[Source data Boundary: Start]

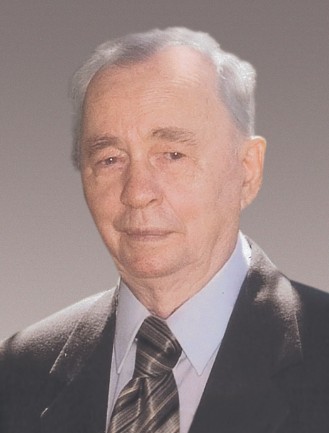 Jean-Baptiste Juneau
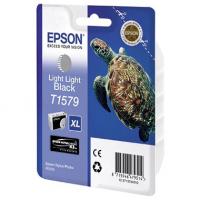 Epson T1579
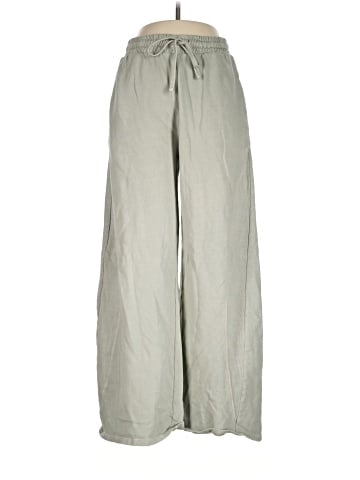 Zara Casual Pants (view 1)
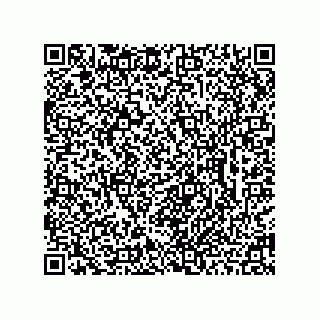 vCard 78462735312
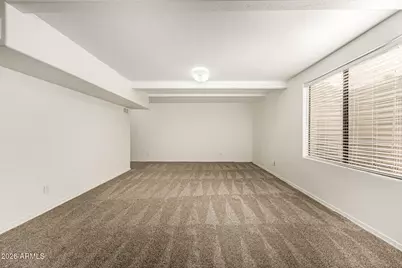 1441 W Bahia Court, Gilbert, AZ 85233 - Photo 43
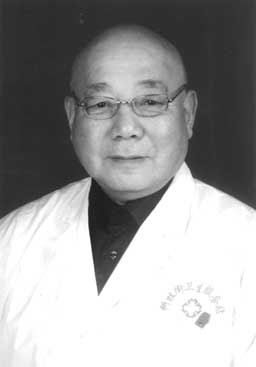 畅肝调脂汤
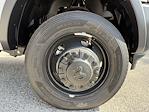 2025 Ram 5500 Crew Cab DRW 4x4 Cab Chassis for sale #D19687 - photo 11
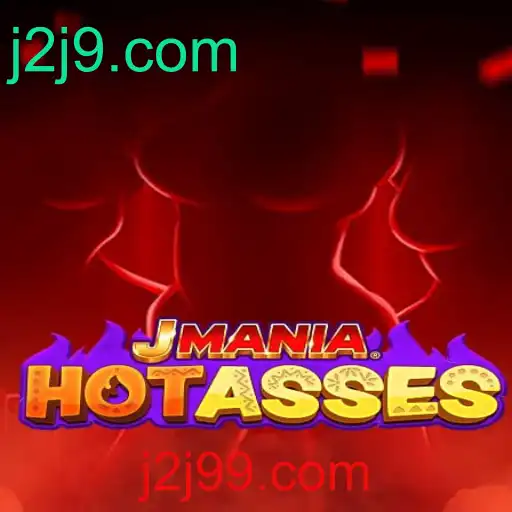 Explorando o Mundo de JManiaHotAsses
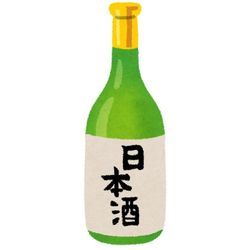 ピンチをチャンスに変える方法を教えます。の画像1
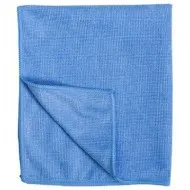 LAVETA PROGRESSIVE DIN MICROFIBRA, 35X40 CM, ALBASTRA, VERMOP LAVETA PROGRESSIVE DIN MICROFIBRA, 35X40 CM, ALBASTRA, VERMOP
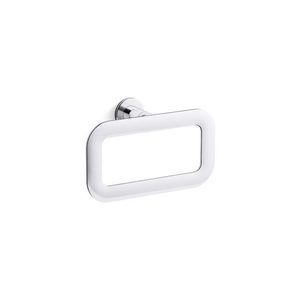 portasalviette ad anello 1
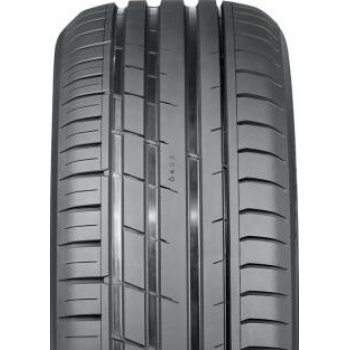 255/55 R19 Powerproof SUV 111W XL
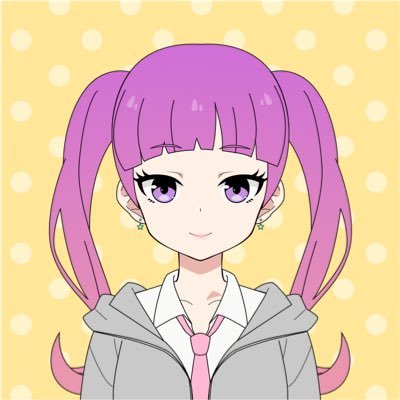 KARINさんのプロフィール画像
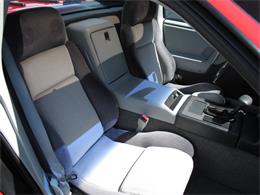 1985 Pontiac Fiero (CC-996248) for sale in Troy, Michigan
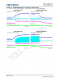 TMI31602H  5.5V、2.3MHz、2A衕步降壓型 採用小型DFN1.6x1.6-6封裝的轉(zhuǎn)換器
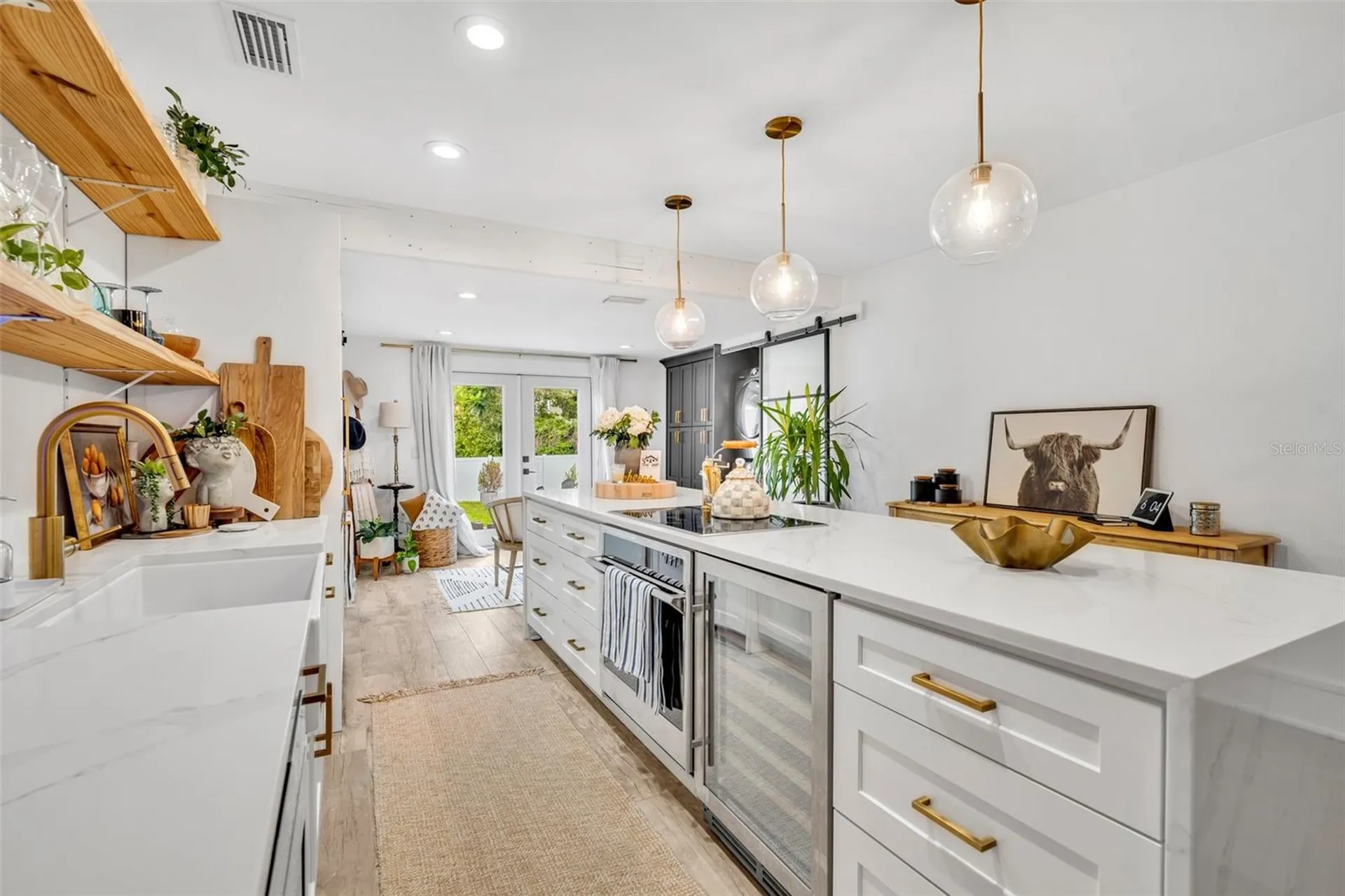 1707 Harmon Avenue Winter Park FL 32789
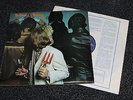 The Rolling Stones ?– No Stone Unturned  UK LP mint LOOKS  UNPLAYED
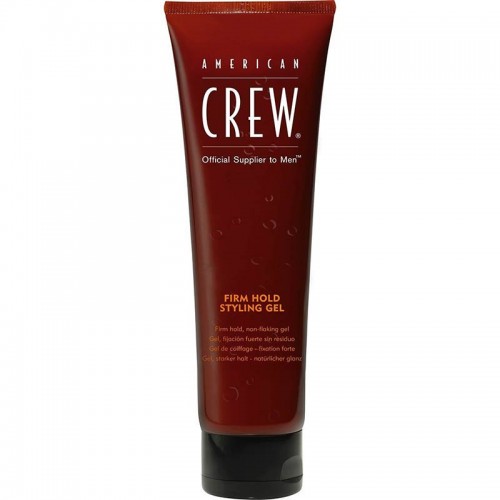 comprar American Crew Firm Hold Styling Gel com bom preço em Portugal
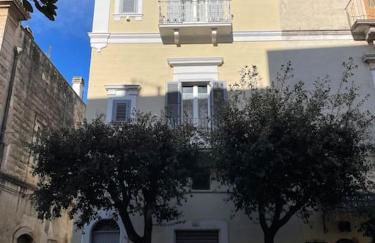 La Finestra sul Teatro - Foto 6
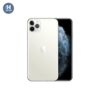 IPHONE 11 PRO MAX 256 GB BLANCO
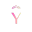 Yvonne's Nails Icon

[Source data Boundary: End]

• **Exercise details**: Please repeat each line above exactly as it appears, but omit the pictures.

• **Response area**:
 Jean-Baptiste Juneau
 Epson T1579
 Zara Casual Pants (view 1)
 vCard 78462735312
 1441 W Bahia Court, Gilbert, AZ 85233 - Photo 43
 畅肝调脂汤
 2025 Ram 5500 Crew Cab DRW 4x4 Cab Chassis for sale #D19687 - photo 11
 Explorando o Mundo de JManiaHotAsses
 ピンチをチャンスに変える方法を教えます。の画像1
 LAVETA PROGRESSIVE DIN MICROFIBRA, 35X40 CM, ALBASTRA, VERMOP LAVETA PROGRESSIVE DIN MICROFIBRA, 35X40 CM, ALBASTRA, VERMOP
 portasalviette ad anello 1
 255/55 R19 Powerproof SUV 111W XL
 KARINさんのプロフィール画像
 1985 Pontiac Fiero (CC-996248) for sale in Troy, Michigan
 TMI31602H  5.5V、2.3MHz、2A衕步降壓型 採用小型DFN1.6x1.6-6封裝的轉(zhuǎn)換器
 1707 Harmon Avenue Winter Park FL 32789
 The Rolling Stones ?– No Stone Unturned  UK LP mint LOOKS  UNPLAYED
 comprar American Crew Firm Hold Styling Gel com bom preço em Portugal
 La Finestra sul Teatro - Foto 6
 IPHONE 11 PRO MAX 256 GB BLANCO
 Yvonne's Nails Icon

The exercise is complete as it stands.